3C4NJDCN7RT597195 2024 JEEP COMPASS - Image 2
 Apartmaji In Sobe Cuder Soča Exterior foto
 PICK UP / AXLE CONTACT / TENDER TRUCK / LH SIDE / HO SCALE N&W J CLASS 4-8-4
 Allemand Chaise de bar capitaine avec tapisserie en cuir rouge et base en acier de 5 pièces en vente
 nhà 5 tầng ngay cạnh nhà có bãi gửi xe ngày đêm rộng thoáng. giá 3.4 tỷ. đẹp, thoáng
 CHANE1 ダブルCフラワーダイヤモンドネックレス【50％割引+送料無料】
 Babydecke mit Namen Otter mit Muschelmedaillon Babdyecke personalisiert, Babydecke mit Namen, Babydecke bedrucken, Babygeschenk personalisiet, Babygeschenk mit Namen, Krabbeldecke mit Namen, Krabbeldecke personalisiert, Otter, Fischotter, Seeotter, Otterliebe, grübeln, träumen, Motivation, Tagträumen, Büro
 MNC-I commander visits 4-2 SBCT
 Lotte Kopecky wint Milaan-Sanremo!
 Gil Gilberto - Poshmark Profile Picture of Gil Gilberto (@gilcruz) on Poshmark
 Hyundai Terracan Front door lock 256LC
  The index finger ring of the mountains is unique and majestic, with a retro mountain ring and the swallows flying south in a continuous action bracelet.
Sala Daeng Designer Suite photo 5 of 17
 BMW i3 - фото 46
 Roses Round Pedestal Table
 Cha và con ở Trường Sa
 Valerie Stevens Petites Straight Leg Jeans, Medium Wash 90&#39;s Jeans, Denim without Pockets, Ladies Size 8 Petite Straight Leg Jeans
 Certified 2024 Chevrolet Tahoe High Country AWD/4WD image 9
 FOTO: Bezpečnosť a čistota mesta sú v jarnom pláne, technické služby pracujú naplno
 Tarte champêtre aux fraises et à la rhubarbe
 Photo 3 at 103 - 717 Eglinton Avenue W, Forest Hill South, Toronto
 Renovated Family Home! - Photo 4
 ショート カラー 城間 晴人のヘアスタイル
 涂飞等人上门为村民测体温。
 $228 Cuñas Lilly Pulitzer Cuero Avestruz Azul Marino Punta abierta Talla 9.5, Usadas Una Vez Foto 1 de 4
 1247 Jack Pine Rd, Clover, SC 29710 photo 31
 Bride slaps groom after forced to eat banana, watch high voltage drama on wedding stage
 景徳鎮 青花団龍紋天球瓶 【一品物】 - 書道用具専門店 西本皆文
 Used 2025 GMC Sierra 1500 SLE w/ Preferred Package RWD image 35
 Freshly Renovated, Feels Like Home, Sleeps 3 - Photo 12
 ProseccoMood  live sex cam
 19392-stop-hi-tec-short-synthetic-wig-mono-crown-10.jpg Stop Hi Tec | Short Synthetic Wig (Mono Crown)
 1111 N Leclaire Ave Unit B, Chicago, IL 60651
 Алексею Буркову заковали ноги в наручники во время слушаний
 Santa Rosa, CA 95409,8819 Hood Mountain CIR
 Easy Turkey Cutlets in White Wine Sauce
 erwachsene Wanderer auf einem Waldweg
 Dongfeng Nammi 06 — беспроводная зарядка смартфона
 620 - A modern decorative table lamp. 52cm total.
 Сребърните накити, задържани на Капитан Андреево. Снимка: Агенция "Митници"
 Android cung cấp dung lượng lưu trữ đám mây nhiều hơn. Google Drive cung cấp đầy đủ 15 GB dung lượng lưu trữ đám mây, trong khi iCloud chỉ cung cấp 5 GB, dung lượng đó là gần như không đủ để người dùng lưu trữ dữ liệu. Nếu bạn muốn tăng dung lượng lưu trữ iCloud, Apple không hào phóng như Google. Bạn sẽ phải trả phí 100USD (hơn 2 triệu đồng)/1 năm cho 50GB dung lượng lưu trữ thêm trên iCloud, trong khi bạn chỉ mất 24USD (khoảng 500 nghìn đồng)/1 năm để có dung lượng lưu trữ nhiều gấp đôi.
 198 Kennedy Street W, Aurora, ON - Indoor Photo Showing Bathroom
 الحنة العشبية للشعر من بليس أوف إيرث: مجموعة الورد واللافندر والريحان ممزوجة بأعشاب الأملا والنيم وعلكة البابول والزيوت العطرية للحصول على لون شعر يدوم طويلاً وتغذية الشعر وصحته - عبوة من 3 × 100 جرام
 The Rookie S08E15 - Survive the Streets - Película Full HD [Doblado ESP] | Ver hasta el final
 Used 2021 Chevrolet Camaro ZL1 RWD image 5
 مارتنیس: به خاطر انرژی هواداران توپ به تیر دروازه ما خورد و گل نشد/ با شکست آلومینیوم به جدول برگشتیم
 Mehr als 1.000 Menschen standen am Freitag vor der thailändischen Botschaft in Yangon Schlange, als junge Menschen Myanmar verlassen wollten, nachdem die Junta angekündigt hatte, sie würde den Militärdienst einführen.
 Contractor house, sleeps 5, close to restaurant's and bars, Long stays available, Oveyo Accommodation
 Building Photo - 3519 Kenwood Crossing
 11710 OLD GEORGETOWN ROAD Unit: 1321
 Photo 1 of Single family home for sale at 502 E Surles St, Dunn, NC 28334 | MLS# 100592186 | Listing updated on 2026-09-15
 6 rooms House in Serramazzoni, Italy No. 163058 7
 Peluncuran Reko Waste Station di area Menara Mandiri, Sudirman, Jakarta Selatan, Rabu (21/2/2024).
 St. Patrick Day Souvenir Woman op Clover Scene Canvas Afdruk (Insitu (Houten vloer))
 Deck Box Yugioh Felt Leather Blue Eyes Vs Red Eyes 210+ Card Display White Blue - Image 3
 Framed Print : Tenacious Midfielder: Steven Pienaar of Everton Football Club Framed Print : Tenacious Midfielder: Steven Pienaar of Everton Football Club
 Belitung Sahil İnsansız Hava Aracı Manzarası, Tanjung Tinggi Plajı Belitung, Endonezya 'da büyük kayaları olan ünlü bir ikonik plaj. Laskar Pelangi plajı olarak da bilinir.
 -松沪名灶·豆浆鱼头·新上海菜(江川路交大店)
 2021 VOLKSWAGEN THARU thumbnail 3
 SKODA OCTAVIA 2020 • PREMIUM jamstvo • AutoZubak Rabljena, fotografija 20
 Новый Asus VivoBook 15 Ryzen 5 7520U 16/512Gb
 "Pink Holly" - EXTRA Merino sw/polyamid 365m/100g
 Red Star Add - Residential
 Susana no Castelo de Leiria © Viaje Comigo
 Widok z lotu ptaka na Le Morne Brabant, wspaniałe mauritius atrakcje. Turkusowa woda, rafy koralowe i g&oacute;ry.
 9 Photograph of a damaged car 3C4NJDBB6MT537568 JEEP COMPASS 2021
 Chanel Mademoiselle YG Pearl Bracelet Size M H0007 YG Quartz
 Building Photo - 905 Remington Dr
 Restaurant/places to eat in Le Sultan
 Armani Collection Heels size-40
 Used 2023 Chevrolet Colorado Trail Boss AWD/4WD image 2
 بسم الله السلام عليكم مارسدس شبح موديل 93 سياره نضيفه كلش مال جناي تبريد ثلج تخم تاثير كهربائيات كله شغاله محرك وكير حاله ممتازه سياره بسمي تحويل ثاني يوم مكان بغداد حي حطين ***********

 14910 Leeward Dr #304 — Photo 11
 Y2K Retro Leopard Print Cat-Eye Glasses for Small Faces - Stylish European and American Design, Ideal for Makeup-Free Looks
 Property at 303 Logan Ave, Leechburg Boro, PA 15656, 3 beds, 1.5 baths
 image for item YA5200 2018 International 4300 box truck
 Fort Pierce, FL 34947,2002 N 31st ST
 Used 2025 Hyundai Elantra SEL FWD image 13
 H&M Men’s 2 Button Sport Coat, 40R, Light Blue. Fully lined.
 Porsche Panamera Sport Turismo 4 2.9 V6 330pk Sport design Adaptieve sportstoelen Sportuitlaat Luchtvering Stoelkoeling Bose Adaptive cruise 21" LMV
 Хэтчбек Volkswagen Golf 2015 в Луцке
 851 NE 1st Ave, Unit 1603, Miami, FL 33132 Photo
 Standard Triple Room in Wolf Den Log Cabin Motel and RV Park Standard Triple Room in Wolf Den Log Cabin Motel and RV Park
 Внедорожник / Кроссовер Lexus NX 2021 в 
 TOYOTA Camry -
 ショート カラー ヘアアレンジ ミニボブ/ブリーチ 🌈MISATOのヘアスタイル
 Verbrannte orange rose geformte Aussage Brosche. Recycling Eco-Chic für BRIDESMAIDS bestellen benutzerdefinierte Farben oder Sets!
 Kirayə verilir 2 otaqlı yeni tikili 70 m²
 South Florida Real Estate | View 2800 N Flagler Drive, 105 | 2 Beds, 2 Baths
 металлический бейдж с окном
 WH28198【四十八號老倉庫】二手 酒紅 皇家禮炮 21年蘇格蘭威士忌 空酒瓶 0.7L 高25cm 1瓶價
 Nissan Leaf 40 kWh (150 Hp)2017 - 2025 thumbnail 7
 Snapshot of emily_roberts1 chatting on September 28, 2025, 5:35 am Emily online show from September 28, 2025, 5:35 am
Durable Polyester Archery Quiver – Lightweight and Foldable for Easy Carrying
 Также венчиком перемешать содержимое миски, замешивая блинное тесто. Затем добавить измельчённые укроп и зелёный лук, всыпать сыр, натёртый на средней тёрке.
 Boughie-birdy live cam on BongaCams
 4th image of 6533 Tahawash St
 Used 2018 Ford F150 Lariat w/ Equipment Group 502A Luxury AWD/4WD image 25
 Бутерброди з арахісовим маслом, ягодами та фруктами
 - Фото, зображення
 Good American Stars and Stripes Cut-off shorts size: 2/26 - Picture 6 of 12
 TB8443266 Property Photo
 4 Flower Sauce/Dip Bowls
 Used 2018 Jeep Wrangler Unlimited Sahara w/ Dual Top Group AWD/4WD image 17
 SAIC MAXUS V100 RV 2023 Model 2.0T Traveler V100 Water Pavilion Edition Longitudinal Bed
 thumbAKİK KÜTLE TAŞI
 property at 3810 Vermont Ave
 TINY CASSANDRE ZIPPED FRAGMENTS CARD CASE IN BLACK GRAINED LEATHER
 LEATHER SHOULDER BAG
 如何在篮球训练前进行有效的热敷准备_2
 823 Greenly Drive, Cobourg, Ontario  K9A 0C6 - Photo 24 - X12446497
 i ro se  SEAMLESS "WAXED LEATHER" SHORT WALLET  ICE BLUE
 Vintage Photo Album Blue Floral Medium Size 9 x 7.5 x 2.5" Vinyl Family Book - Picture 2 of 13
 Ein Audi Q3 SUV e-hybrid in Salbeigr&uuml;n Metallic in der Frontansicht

▸ **Work request**:
In the listing above, find the line containing "Новый Asus VivoBook" and the line containing "Used 2023 Chevrolet", then repeat those two lines and everything between them exactly.

▸ **Result**:
 Новый Asus VivoBook 15 Ryzen 5 7520U 16/512Gb
 "Pink Holly" - EXTRA Merino sw/polyamid 365m/100g
 Red Star Add - Residential
 Susana no Castelo de Leiria © Viaje Comigo
 Widok z lotu ptaka na Le Morne Brabant, wspaniałe mauritius atrakcje. Turkusowa woda, rafy koralowe i g&oacute;ry.
 9 Photograph of a damaged car 3C4NJDBB6MT537568 JEEP COMPASS 2021
 Chanel Mademoiselle YG Pearl Bracelet Size M H0007 YG Quartz
 Building Photo - 905 Remington Dr
 Restaurant/places to eat in Le Sultan
 Armani Collection Heels size-40
 Used 2023 Chevrolet Colorado Trail Boss AWD/4WD image 2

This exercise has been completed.